America's public safety infrastructure is at risk if automakers remove AM radio from vehicles.

  • Policymakers should enact the AM Radio for Every Vehicle Act (S. 1669; H.R. 3413) to keep this vital service in their vehicles to ensure Americans can be alerted to impending danger.

Go deeper:

AM radio serves a vital role in our nation's emergency infrastructure as the backbone of the Emergency Alert System.
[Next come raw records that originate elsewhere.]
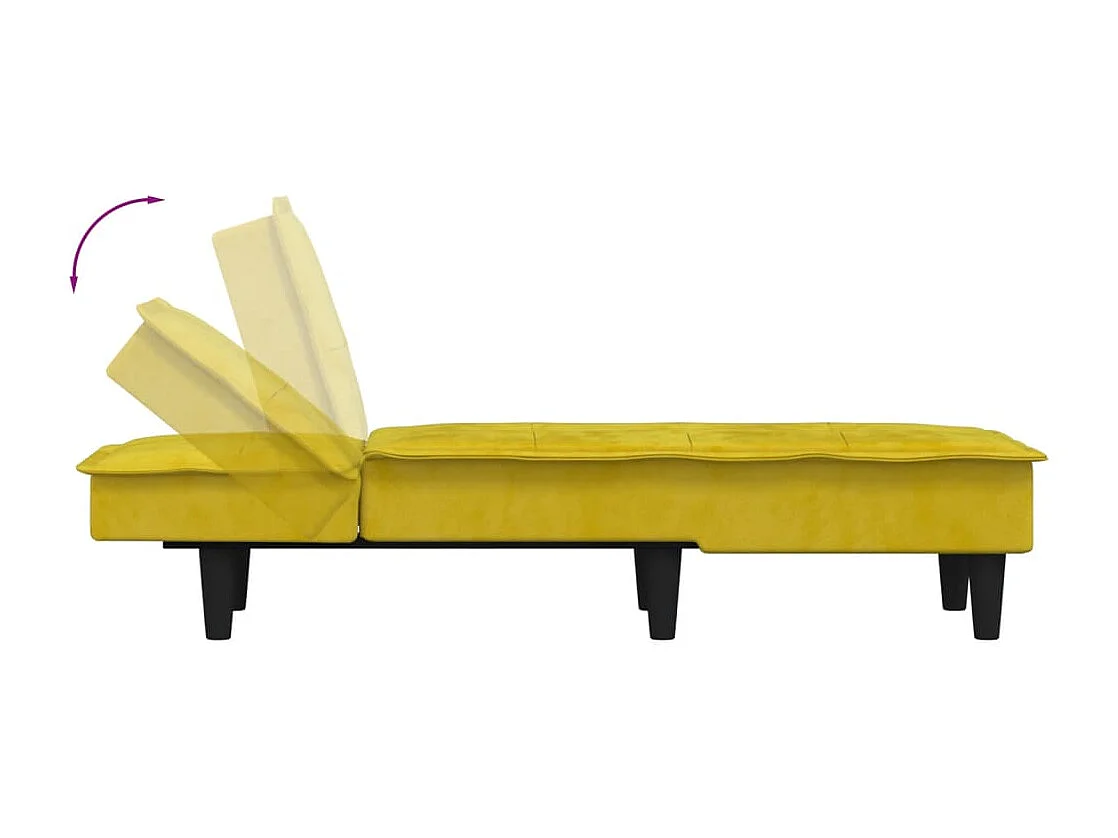 Chaise Longue in Velluto Giallo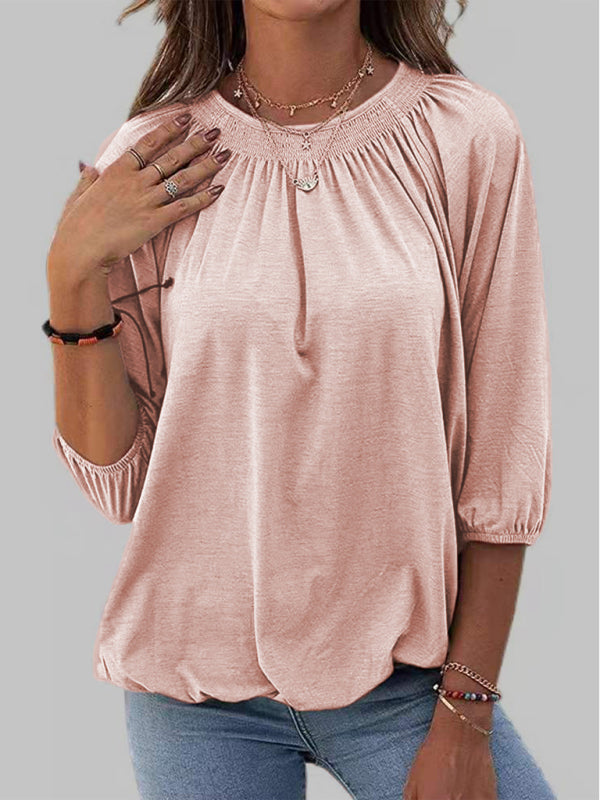 T-Shirts- Smocked Accent Top | Cotton Blend Crew Neck Tee with 3/4 Sleeves- Pink- Pekosa Women Clothing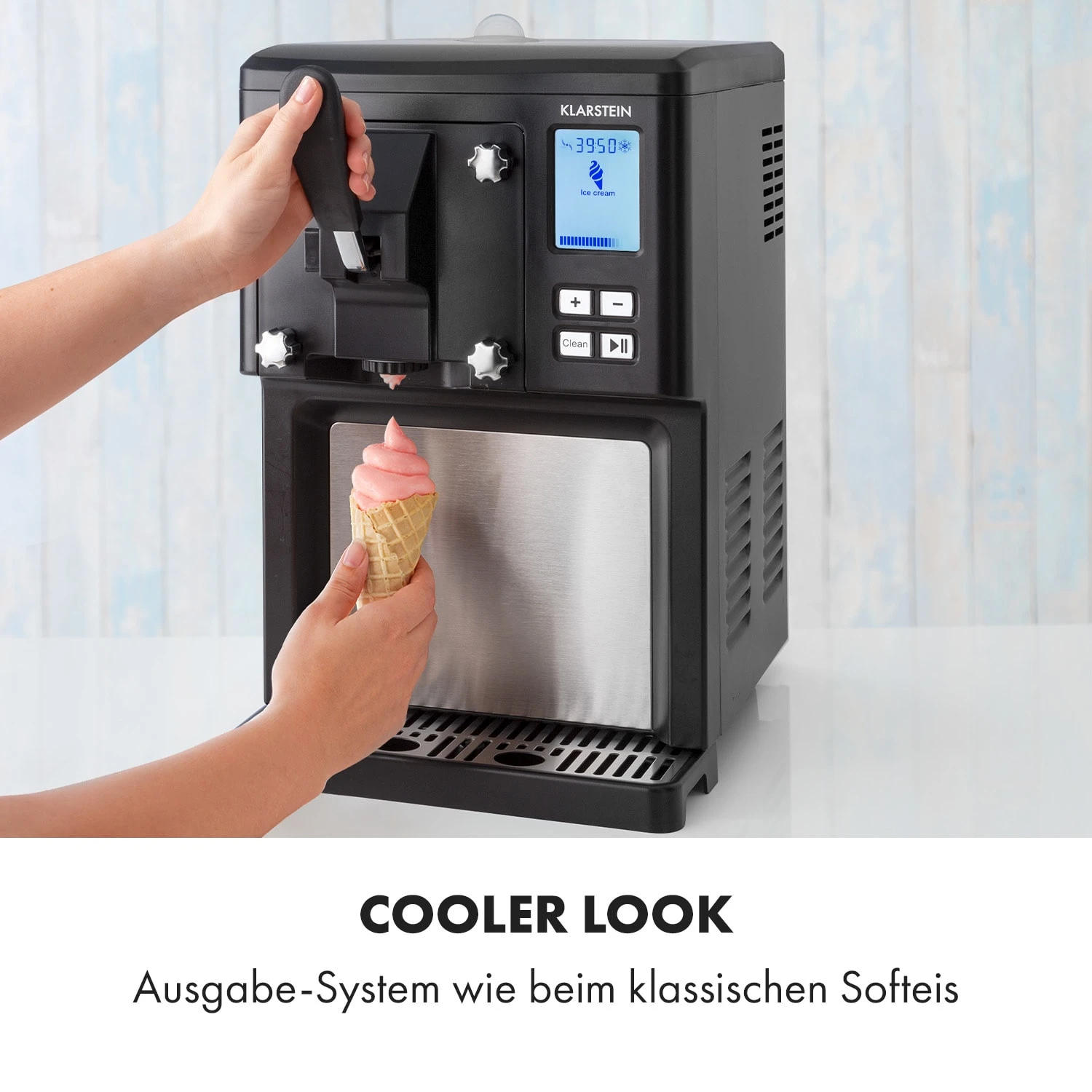 Sweet Sundae Eiscrememaschine Kompressor 1,5l Edelstahl Schwarz – Bild 3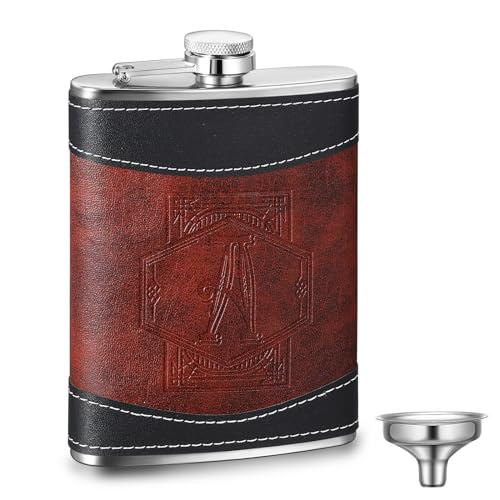 Baderke Personalized Groomsmen Flask 8 oz Stainless Steel Monogram Hip Flask for Men Leather Father's Day Gift for Dad Grandpa Birthday Wedding(Letter A)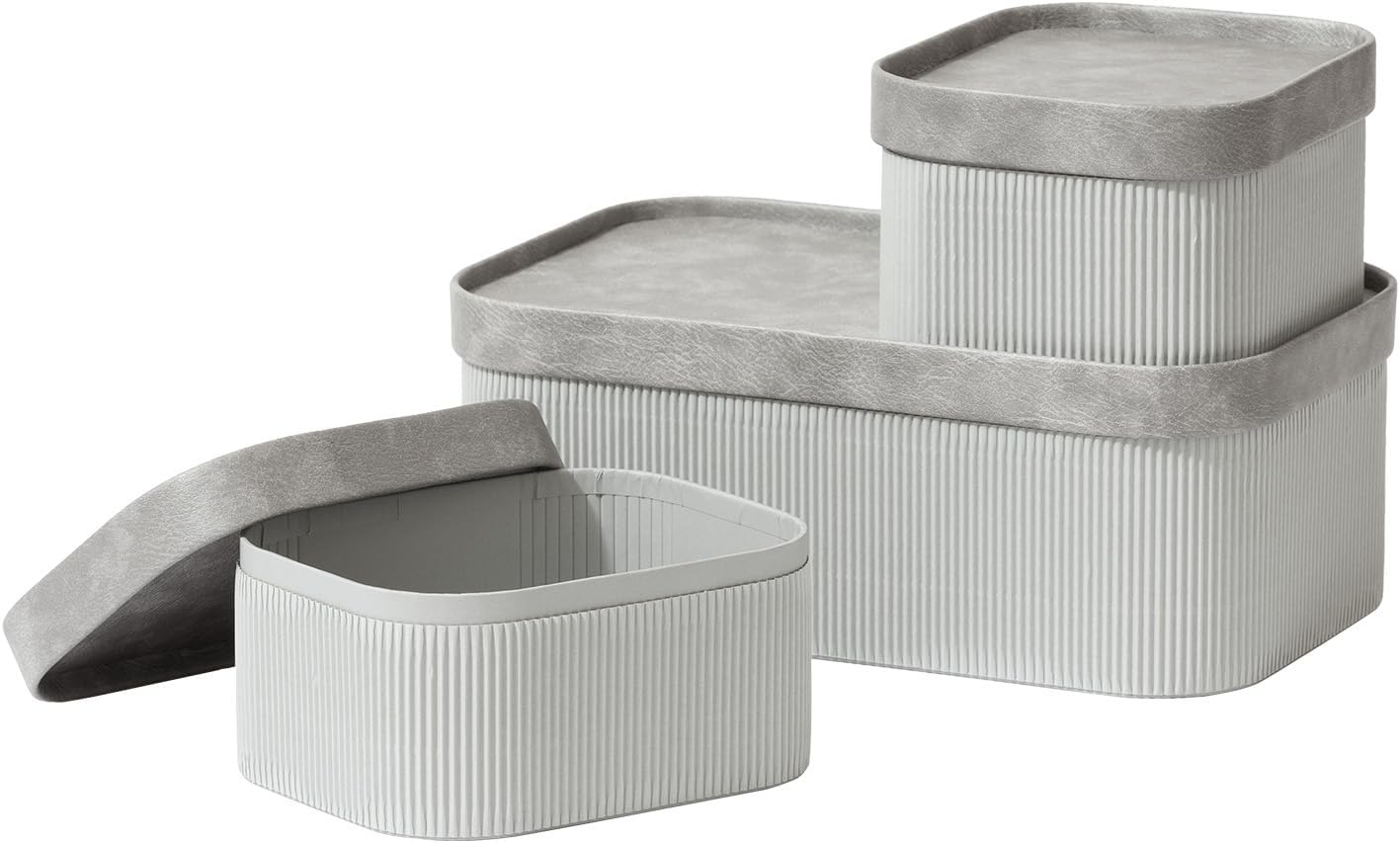 La Jolie Maison Fluted Cardboard Storage Baskets with Vegan Leather Lids, Sturdy Stackable Paper Boxes Decorative Tray, Modern Basket Organizer Bins Bathroom Bedroom Organizing, Storm Grey, Set of 3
When the power goes out and cell networks are down, the car radio is often the only way for people to get information, sometimes for days at a time.

  • With tens of millions of weekly listeners1, AM radio is also an extremely popular way for Americans to stay connected to both national and local news, sports and entertainment.
  • AM radio is highly important to agricultural communities, providing weather updates, crop reports and other information to farmers and ranchers.
  • AM stations also serve communities of color and underrepresented groups with in-language, religious, and other community-oriented niche programming.

Despite this, certain automakers have removed AM radio as a feature on electric vehicles and signaled that they may remove AM radio from new models of internal combustion engine vehicles in the future.2

  • Rightly, there has been a public outcry from members of Congress, Federal Communications Commission officials and former Federal Emergency Management Agency (FEMA) administrators about removing AM radio from vehicles.

"Experts at [FEMA]...have been clear: eliminating the AM radio will put public safety at risk."3

On May 17, 2023, Sens. Ed Markey (MA), Ted Cruz (TX), Tammy Baldwin (WI), Deb Fischer (NE), Ben Ray Luján (NM) and J.D. Vance (OH) and Reps. Josh Gottheimer (NJ-5), Tom Kean, Jr. (NJ-7), Rob Menendez (NJ-8), Bruce Westerman (AR-4) and Marie Gluesenkamp Perez (WA-3) introduced the AM Radio for Every Vehicle Act. This bipartisan, bicameral legislation would require the Transportation Secretary to issue a rule requiring vehicles manufactured in or imported into the U.S. to have devices installed that provide access to AM radio. It would also, among other things, ensure that AM is easily accessible to the driver and require motor vehicles that do not include AM radio (in the period between enactment and prior to the Transportation Secretary issuing the new rule) to be labeled as such to consumers in a clear and conspicuous manner.

The bottom line:

Congress should enact the AM Radio for Every Vehicle Act to keep AM radio as a standard feature in all vehicles. It is vital to public safety and to the tens of millions of Americans who depend on AM radio.

1 Nielsen; Westwood One, https://bit.ly/41LAP83
2 Detroit Free Press, https://www.freep.com/story/money/cars/2023/04/01/ford-am-radio-commercial/70062845007/
3 Pete Gaynor, former administrator of the Federal Emergency Management Agency in a recent op-ed.